Built on the site of a former gravel pit, it was 1 mile 56 chains north of Cambridge station but still within what is today the City of Cambridge. The station was a little odd in that was immediately adjacent to the Cambridge - Ely line yet had platforms serving only the Mildenhall branch, so it was not, strictly speaking, a junction at all. The down platform was 380ft long and the up platform 370ft; the former had an ornate waiting room of a style typical along the branch. It comprised a single-storey timber building with a pitched slate roof. The structure was painted white but with diagonal and vertical details picked out in black to give an attractive half-timbered effect. The central doorway was placed under a small gable and pairs of six-light windows are either side of the door. Brick chimneystacks were placed at each gable end, their tops stepped out to give them prominence.
The signal box was located behind the waiting room adjacent to the up main line, while the main station buildings were on the up side. With the exception of Quy and Swaffham Prior, station buildings on the Mildenhall branch were built to a standard pattern. The single-storey range contained a booking hall, stationmaster's office, waiting room, toilets and staff room. The L-plan brick building under a slate roof included a two-storey stationmaster’s house with the single-storey range attached. On the two-storey section, facing the forecourt, the principal gable was under a half-hipped roof, and a slightly recessed section adjoining the office range was treated to its own pitched gable with timber braces. The door of the office range which gave access to the booking hall was sheltered by a gabled porch supported on brackets, and beyond it was a large unadorned gable. There appears to have been only one doorway onto the platform, so presumably the waiting room was also entered from the booking hall. Gents' toilets were entered from the platform while ladies’ toilets would been en suite with the waiting room. Separate brick lock-ups were provided at most stations but where they were not, station buildings incorporated a small parcels lock-up. Fireplaces were provided in each room with semi-ornate stepped chimneystacks on the roof. The building was provided with a flat canopy with a deep valance, a style favoured by the Great Eastern Railway. It stretched the length of the single-storey range and beyond the full platform width, and was supported on five timber columns. There was never any form of canopy on the down platform as far as is known.
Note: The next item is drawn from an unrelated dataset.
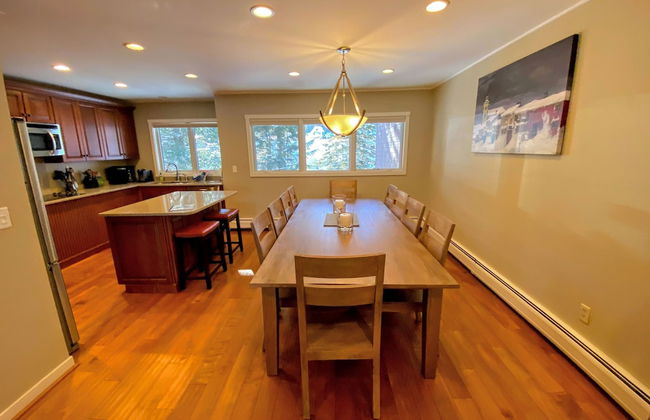 A1 Luxury Bretton Woods Ski-in Ski-out Townhome Next to Beginner ski Area Fast Wifi Keyless Entry - Photo 12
Barnwell Junction station per se had no goods facilities, other than for parcels, for its entire life and in this respect it was unique on the Mildenhall branch - if we are, obviously, to discount the three halts. The goods yard was located on the down side of the main line and was thus remote from the Mildenhall branch. The yard was provided with the basics of most goods yards: weighbridge, scales and loading gauge. There appears to have been no provision for cattle or other livestock.
The station was also unique in that it was the only one on the Mildenhall branch to receive BR totems, running-in boards and other signage, if we are to discount Fordham which technically was located on the Ely - Newmarket / Bury line. It is not clear how many totems were provided as the existence of two (possibly 3) is confirmed by photographs. There was also a large BR blue board immediately south of the station proclaiming 'Cambridge 1 Mile' with a large arrow pointing south, although the stated distance was a little inaccurate. Quite why Barnwell Junction was given this treatment by BR is something of a mystery, more so when considering the passenger service at the station was for its entire life woefully infrequent. Furthermore and even odder, if photographs and the dates accompanying them are to be believed Barnwell Junction did not gain BR Eastern Region blue enamel signage until after Cambridge station lost its totems. Certainly, at least one (of the two) Great Eastern Railway running-in boards was still present in 1957.
During wartime, Barnwell Junction was used for unloading ambulance trains; it is believed to have done so in WW1 and certainly did in WWII, but exactly how these lengthy trains were handled at such a small station is not known.
At 4.24pm on Saturday 16 June 1962 the final timetabled passenger train called at Barnwell Junction and with its departure the station closed - there being no goods facilities for the branch goods train, which continued for a further two years, to serve. For readers not familiar with the administrative side of railway closures to passengers, the closure date is officially the first weekday following the running of the final train and this is usually a Monday. This procedure is followed irrespective of whether a line continues to be used by goods trains, as was the case with the Mildenhall branch.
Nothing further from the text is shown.